The modern trend “forward to the past” has not spared cooking. And if margarine was once considered a convenient and inexpensive alternative to butter, and at times they tried to assure us of its usefulness, today we are increasingly turning our attention to traditional products and talking about “good” fats. One of these dietary elements is ghee. Benefits, methods of preparation and use - read all about this below.
Traditionally, ghee was prepared at home, but to modern housewives it is more familiar with tin cans of long-term storage. This is not only an excellent product for frying, but also a remedy if it was prepared from quality raw materials, that is, butter.
Recall that butter can only be called the product that was made from real cream, without the use of any flavorings, vegetable fats and preservatives. The fat content of this oil cannot be less than 71.5% according to GOST, and in the best samples it reaches 82%.
However, if we consider ghee, the benefits and harms of using it for culinary purposes are determined not only by the properties of the original product, although, of course, butter contains a huge number of vitamins that are preserved even after heat treatment. It regulates digestion and fat metabolism, and with prolonged storage it becomes even more useful. Ayurveda, which pays special attention to the properties of products and their compatibility, recommends its regular use. After all, the simple technology allows you to eliminate casein and lactose from the oil, which means that it is well absorbed, does not harm the vessels and is suitable for allergy sufferers and small children.
How to get ghee?
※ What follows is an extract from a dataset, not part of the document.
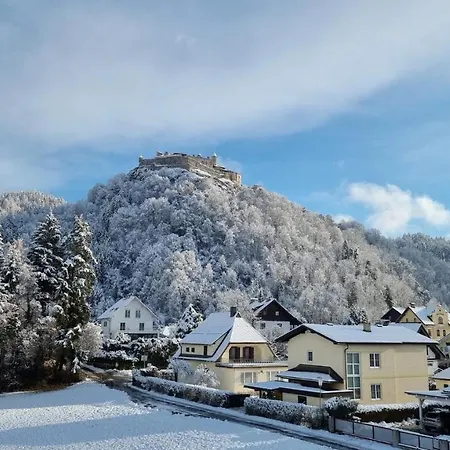 Schlosspension Landskron * Villach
The maximum benefit is if you cook it yourself. For this you will need 3-5 packs of butter, of which 600-800 grams of the final product will come out. For a smaller quantity, it is difficult to find a suitable stewpan, and the oil can burn. The dishes should have a thick bottom, and the fire should be so weak that the oil could languish. The first stage takes about half an hour, your task is to occasionally stir the oil so that it does not stick to the bottom. Then carefully remove the foam, turn off the heat, strain what you have left through cheesecloth. Pour a golden thick liquid with a delicious creamy smell into a pot, where it will solidify and be stored. You will get real ghee. Its benefits are enormous, and it can be used to prepare food for allergy sufferers who cannot tolerate ordinary butter. There are cooking options in a water bath and in the oven; even earlier such oil was made in an oven.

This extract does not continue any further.